• Work order
Repeat the data that follows, word for word, without the images.

::: Records for the exercise

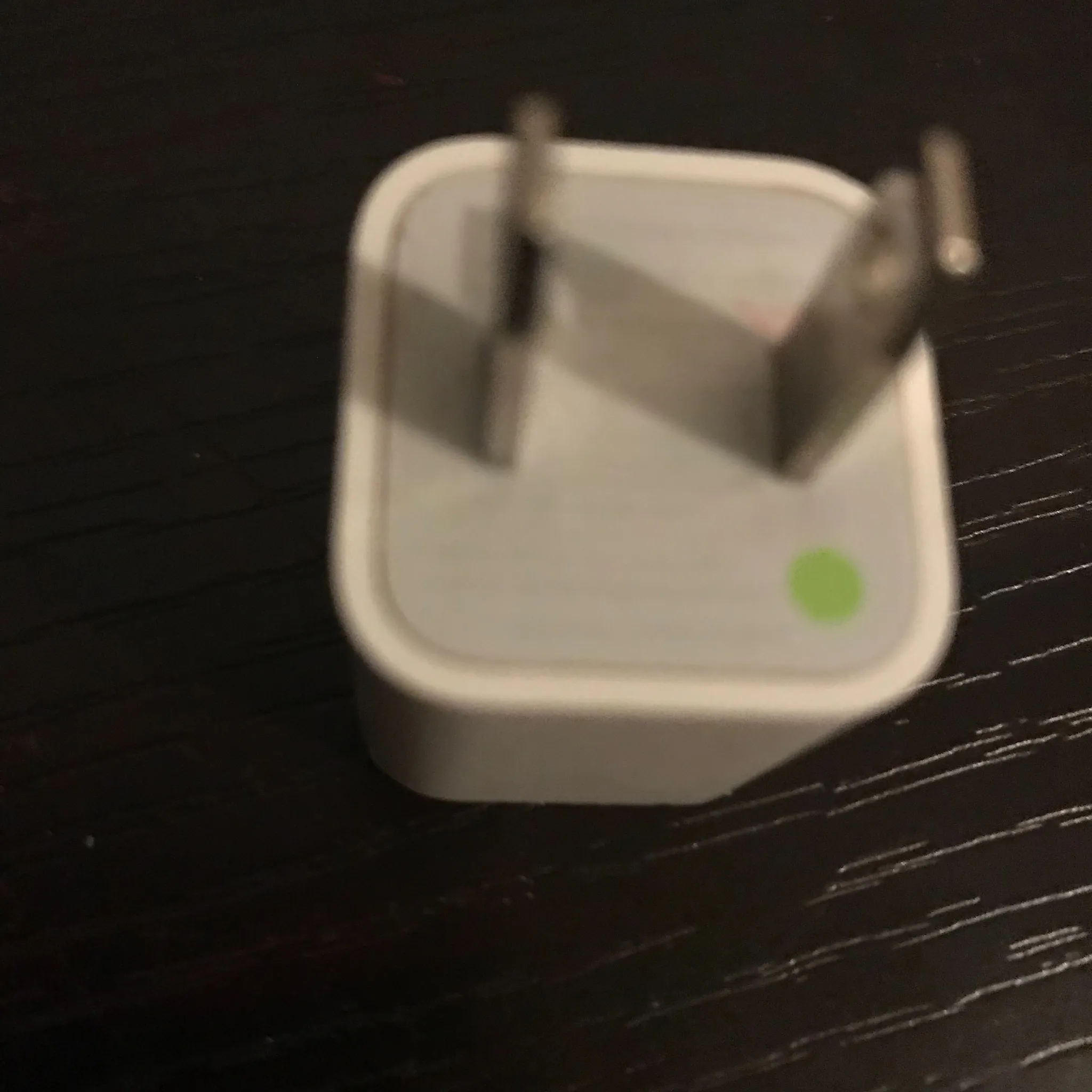 Apple charging cube photo 1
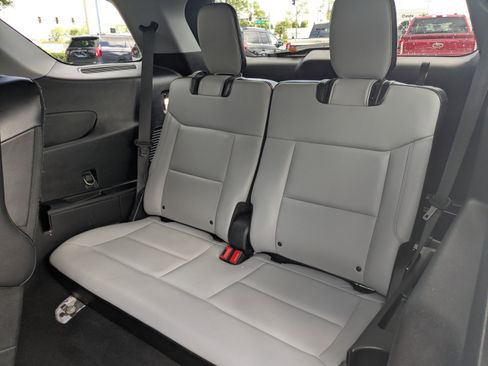 Used 2021 Ford Explorer XLT w/ Equipment Group 202A image 15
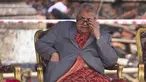 Perdana Menteri Nepal yang baru, Sushila Karki menunggu para menteri untuk diambil sumpah jabatannya oleh Presiden Nepal Ram Chandra Poudel di Gedung Kepresidenan di Kathmandu, Nepal, pada Senin 15 September 2025. (AP Photo/Niranjan Shrestha)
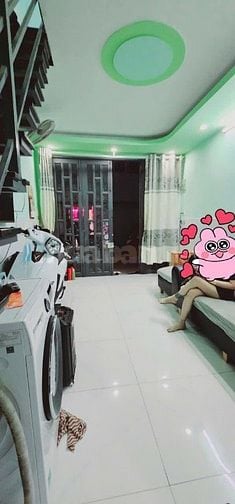 Bán nhà nhỏ nhỉnh 3 tỷ. Hẻm xe hơi quận 11 giáp quận 10. 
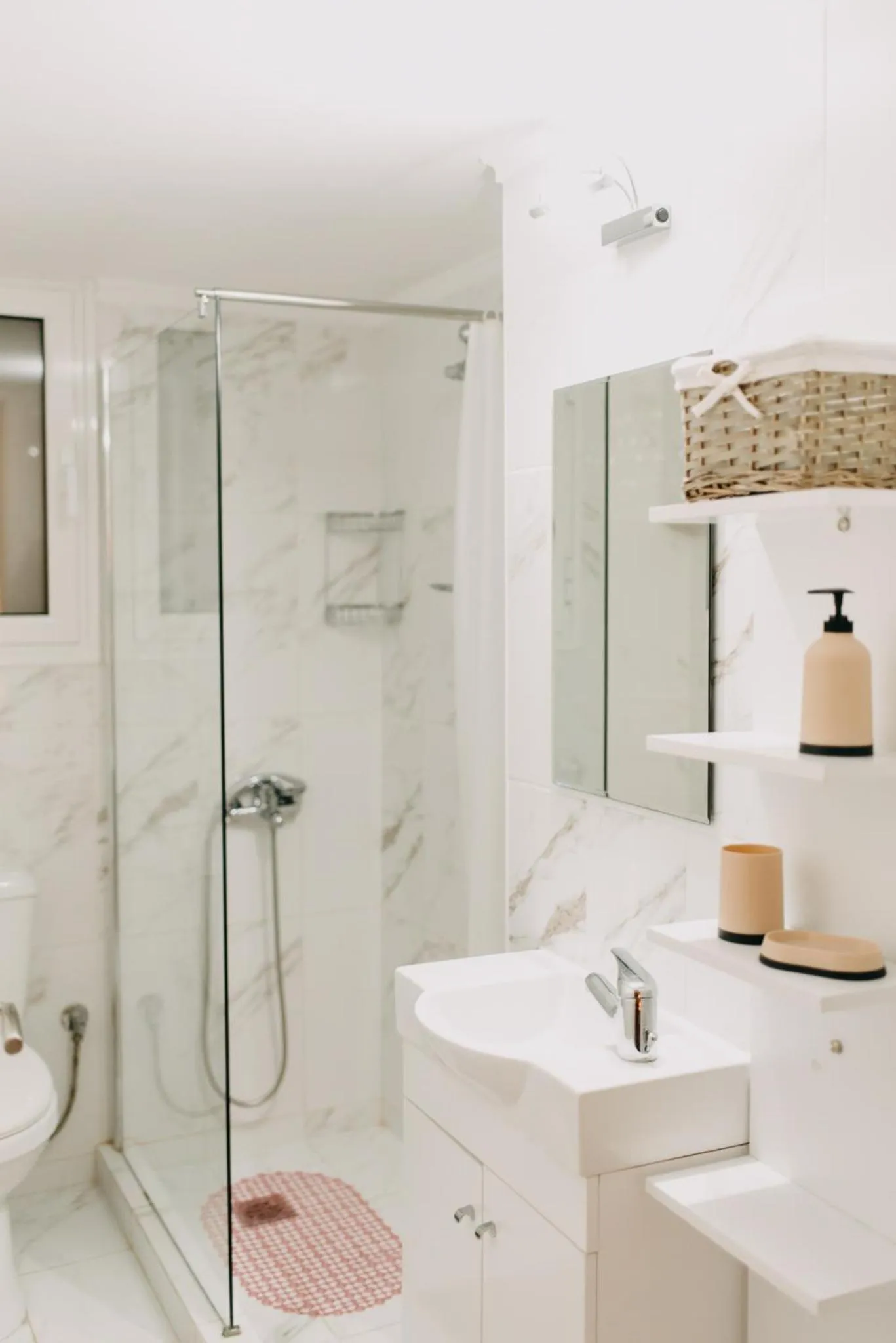 Shower in BEST HOUSE, CENTRAL APRTM., AGIOU NIKOLAOU, PATRA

::::::

• Solution below
 Apple charging cube photo 1
 Used 2021 Ford Explorer XLT w/ Equipment Group 202A image 15
 Perdana Menteri Nepal yang baru, Sushila Karki menunggu para menteri untuk diambil sumpah jabatannya oleh Presiden Nepal Ram Chandra Poudel di Gedung Kepresidenan di Kathmandu, Nepal, pada Senin 15 September 2025. (AP Photo/Niranjan Shrestha)
 Bán nhà nhỏ nhỉnh 3 tỷ. Hẻm xe hơi quận 11 giáp quận 10. 
 Shower in BEST HOUSE, CENTRAL APRTM., AGIOU NIKOLAOU, PATRA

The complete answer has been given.